Quickstart (tiny synthetic dataset)

The snippet below trains a small EuclideanModel on a toy event graph for a few epochs and prints an embedding for a short sequence. It runs in seconds on CPU.

We have 5 events: START, A, B, C, END and we test if we add START + A + C ~ C. The example should be self contained for educational purposes, as the main interest is the loss function.

import random
import torch
import numpy as np
from sklearn.decomposition import PCA
import matplotlib.pyplot as plt

# Reproducibility: fix all relevant seeds so results are stable across runs
SEED = 42
random.seed(SEED)                    # Python's RNG (used by get_sequences and shuffling)
np.random.seed(SEED)                 # NumPy RNG (used by PCA and any NumPy ops)
torch.manual_seed(SEED)              # Torch CPU RNG
if torch.cuda.is_available():
    torch.cuda.manual_seed_all(SEED) # Torch CUDA RNG (all devices)

# Optional: prefer deterministic behavior in cuDNN (may have performance impact)
torch.backends.cudnn.deterministic = True
torch.backends.cudnn.benchmark = False

# Expected results (for the tiny toy graph START→A/B→C→END):
# - Training loss should decrease over epochs (with minor wobble due to randomness/dropout).
# - The printed sequence embedding for [START, A, C] is a single 8-D vector (shape (1, 8)).
# - Nearest tokens by cosine similarity to that sequence embedding should rank 'C' highest
#   (since the encoder is additive and the last token is C), with 'END' somewhat aligned.
# - The decoder's top-1 next-event probability from that state should be 'END' with high
#   confidence (≈0.9+) because the toy transitions force C→END.
# Visualization (below): a 2D PCA of token embeddings plus the sequence embedding should show
# 'SEQ(START-A-C)' lying near the point labeled 'C'.

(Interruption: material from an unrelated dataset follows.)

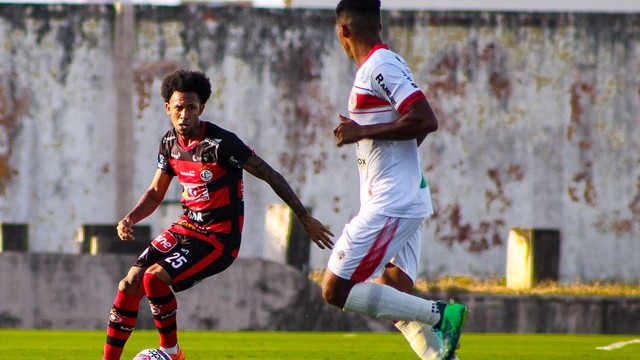 Campinense derrota o Guarani de Sobral e fica a duas partidas do acesso a série C
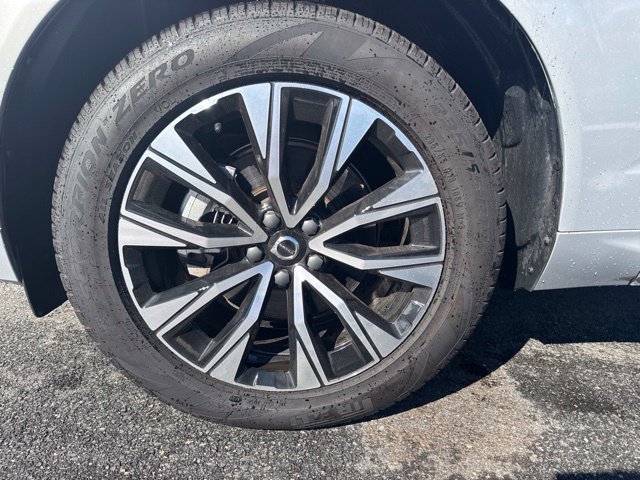 Certified 2025 Volvo XC60 B5 Plus AWD/4WD image 9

from event2vector import EuclideanModel
from event2vector.data import get_sequences

# 1) Define a tiny state-transition toy dataset
#    We model a simple Markovian process: START → (A or B) → C → END
#    The model will learn to predict the next token and produce a sequence embedding
#    by additive composition of token embeddings.
event_types = ['START', 'A', 'B', 'C', 'END']
event_transitions = {
    'START': [('A', 0.5), ('B', 0.5)],
    'A': [('C', 0.6), ('B', 0.4)],
    'B': [('C', 0.7), ('A', 0.3)],
    'C': [('END', 1.0)],
}

# 2) Generate synthetic sequences (reproducible thanks to the fixed seeds above)
#    get_sequences returns: raw sequences, tensorized sequences, and vocab mappings.
_, processed_sequences, event_2_idx, _ = get_sequences(
    event_types=event_types,
    event_transitions=event_transitions,
    initial='START',
    terminal='END',
    num_seq=200,            # generate 200 short sequences
    max_seq_length=6,       # keep them small for speed
    generate_new=True,
    prefix='tiny_quickstart'
)

# 3) Initialize model and optimizer
#    EuclideanModel composes sequence representations via additive updates.
device = 'cuda' if torch.cuda.is_available() else 'cpu'
embedding_dim = 8
model = EuclideanModel(num_event_types=len(event_types), embedding_dim=embedding_dim, dropout_p=0.1).to(device)
loss_fn = torch.nn.CrossEntropyLoss()              # prediction loss (next-token)
optimizer = torch.optim.AdamW(model.parameters(), lr=5e-3)
lambda_reconstruction = 0.2                        # weight for reconstruction loss (h1 - e ≈ h_old)
lambda_consistency = 0.2                           # weight for consistency loss (h1 ≈ h2)
mse_loss = torch.nn.MSELoss()

# 4) Minimal training loop
#    Objective: next-token prediction with cross-entropy.
#    We iterate tokens in each sequence and accumulate loss over (t → t+1) pairs.
model.train()
for epoch in range(128):
    random.shuffle(processed_sequences)  # shuffling is deterministic given the fixed Python seed
    total_loss = 0.0
    for seq_tensor in processed_sequences:
        if len(seq_tensor) < 2:
            continue
        # h is the running sequence representation; encoder adds current token embedding
        h = torch.zeros((1, embedding_dim), device=device)
        seq_tensor = seq_tensor.to(device)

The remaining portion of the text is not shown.